The applicant also queried the power of the NCDC DG to take over anybody’s house and convert it into an isolation center without an order of court.

However, delivering ruling in a preliminary objection against the suit argued by Dr Kayode Ajulo on behalf of the speaker, Justice Ijeoma Ojukwu agreed that Melaye’s case is not justiceable for now.

Justice Ojukwu also agreed with Ajulo that what Melaye complained against was just a draft of a bill that has not been subjected to debate and public hearing by the House of Representatives.

The judge said that the draft bill for now has no binding force of law that can be held against anybody, adding that such a draft can only be litigated upon when finally passed into law and accented to by the president.

However, the judge agreed that Melaye has sufficient reason to fear that his fundamental rights would be infringed upon but said that for now, there is no cause of action since the contentious draft bill cannot be said to be conclusive in character.

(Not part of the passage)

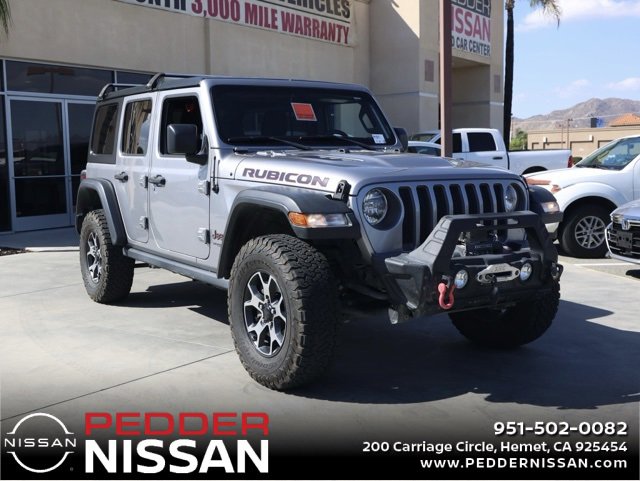 Used 2018 Jeep Wrangler Unlimited Rubicon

“From the clear and understanding of the position of law, the draft bill complained against by the applicant is not enjoying binding effect of the law.

“The draft bill can only be said to be at embryo stage and granting the reliefs sought by the applicant at this stage will open floodgates of litigations that may hinder the discharge of functions by the National Assembly”.

Consequently the judge struck out the case for being incompetent and lacking in merit.